Most lead scoring models are guesses dressed up as math. Someone in a room decides a demo request is worth +10, a webinar signup +5, an enterprise title +15, and the numbers go live without anyone ever checking them against a single deal that actually closed. A scoring model that works is built backward from closed-won, not forward from opinion: it reads fit and intent together, weights each input by how much it actually separates buyers from tire-kickers, and gets checked against who really converted before any rep ever sees a score.
Fit without intent ranks a perfect-profile account that will never buy. Intent without fit ranks a curious student downloading your whitepaper. You need both, multiplied, then validated. This is how to build it.
What you need before you start
A Clay account and a list of your last 30 to 50 closed-won deals, plus a roughly equal set of closed-lost or no-decision leads to score against. Enriched lead data (firmographics, seniority, tech stack, and any intent signals you capture). A working ICP hypothesis, even an imperfect one. You do not need a perfect model before you begin; you build a rough version, score historical outcomes, and tighten the weights until the scores line up with reality. The upstream half of this (capturing form fills, enriching them, and routing the scored result to a rep in minutes) is the inbound lead qualification workflow; this article builds the scoring engine that workflow runs on.
Step 1: Define your ICP from pain, not demographics
A demographic-first ICP is the first guess everyone gets wrong. Teams open a doc and start typing filters: 100 to 500 employees, North America, SaaS, $10M+ revenue. The list looks reasonable and predicts almost nothing, because it never answers why any of those traits would make someone buy.
The right starting point is the buying motivation underneath the firmographics. Before you write a single filter, answer five questions about who actually feels the problem you solve.
Answer five questions about who actually buys, and watch your scoring inputs build themselves
Your ICP hypothesis
Fit inputs
Answer a question to fill this in.
Intent inputs
Answer a question to fill this in.
An ICP built from buying motivation produces concrete, scoreable inputs that already split cleanly into fit and intent. An ICP built from demographics produces filters that predict nothing.
The payoff of starting here is that every answer becomes a measurable input you can score later. "RevOps leaders at companies that just raised" is not a vibe; it is a seniority check, a department match, and a funding-recency signal. Your ICP is a hypothesis, not a verdict. You will refine it against closed-won in Step 5, but it has to start from motivation or there is nothing real to refine.
Step 2: Separate fit from intent, then multiply them
A single number that mashes fit and intent together hides the one thing a rep needs to know. Fit answers "should we ever sell to this account," and intent answers "are they ready right now"; collapsing both into one additive score loses the distinction that decides what a rep does next. A perfect-fit account with zero intent is a nurture target. A scrappy account showing five buying signals is a call today.

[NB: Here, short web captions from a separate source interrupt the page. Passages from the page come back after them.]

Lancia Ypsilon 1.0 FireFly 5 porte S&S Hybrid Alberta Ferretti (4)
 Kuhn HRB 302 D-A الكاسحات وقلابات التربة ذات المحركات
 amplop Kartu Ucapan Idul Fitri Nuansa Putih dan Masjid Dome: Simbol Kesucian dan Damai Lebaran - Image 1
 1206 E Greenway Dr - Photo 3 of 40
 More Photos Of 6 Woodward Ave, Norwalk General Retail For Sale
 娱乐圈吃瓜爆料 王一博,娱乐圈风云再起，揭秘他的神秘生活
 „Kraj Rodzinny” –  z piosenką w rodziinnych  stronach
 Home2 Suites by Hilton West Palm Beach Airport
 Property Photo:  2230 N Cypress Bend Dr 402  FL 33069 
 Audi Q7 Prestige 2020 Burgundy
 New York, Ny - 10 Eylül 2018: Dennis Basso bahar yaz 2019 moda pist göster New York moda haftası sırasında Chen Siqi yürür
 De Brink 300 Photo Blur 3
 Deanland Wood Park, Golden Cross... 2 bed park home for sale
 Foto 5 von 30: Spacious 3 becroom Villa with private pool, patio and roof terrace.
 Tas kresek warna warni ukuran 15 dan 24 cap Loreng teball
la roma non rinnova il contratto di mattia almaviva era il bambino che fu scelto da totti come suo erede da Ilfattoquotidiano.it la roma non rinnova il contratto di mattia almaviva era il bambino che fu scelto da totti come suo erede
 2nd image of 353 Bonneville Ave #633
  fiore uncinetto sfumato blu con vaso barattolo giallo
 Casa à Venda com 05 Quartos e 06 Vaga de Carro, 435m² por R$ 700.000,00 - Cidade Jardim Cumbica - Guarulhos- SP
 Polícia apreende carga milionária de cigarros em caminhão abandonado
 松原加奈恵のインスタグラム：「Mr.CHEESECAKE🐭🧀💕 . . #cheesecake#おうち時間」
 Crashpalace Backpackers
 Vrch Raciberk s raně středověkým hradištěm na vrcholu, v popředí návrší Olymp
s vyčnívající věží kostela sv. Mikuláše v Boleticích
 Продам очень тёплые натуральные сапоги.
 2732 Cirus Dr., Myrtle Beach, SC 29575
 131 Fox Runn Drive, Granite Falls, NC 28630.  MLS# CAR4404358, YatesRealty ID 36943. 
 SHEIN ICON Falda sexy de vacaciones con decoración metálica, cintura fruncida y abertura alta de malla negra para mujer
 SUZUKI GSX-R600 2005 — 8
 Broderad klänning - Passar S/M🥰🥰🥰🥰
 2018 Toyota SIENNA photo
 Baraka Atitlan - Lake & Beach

The same total score, two completely different plays.
The fix is to score the two dimensions on separate axes and let an account's position decide its action, rather than summing everything into one pile of points.
Drag five leads into the fit-times-intent grid and see why a single score hides the play
Place this lead
VP RevOps, 220 employees, ideal stack, no recent activity
Pick the quadrant above that matches its fit and intent.
Fit and intent are independent axes, and an account's quadrant, not its total point count, is what tells a rep whether to call, nurture, qualify, or drop it.
In practice you can keep two sub-scores, Fit and Intent, each on a 0 to 100 scale, and combine them as a product rather than a sum so that a near-zero on either axis pulls the whole lead down. A lead at 90 fit and 10 intent is not the same as 50 and 50, and multiplying keeps that honest in a way addition never does.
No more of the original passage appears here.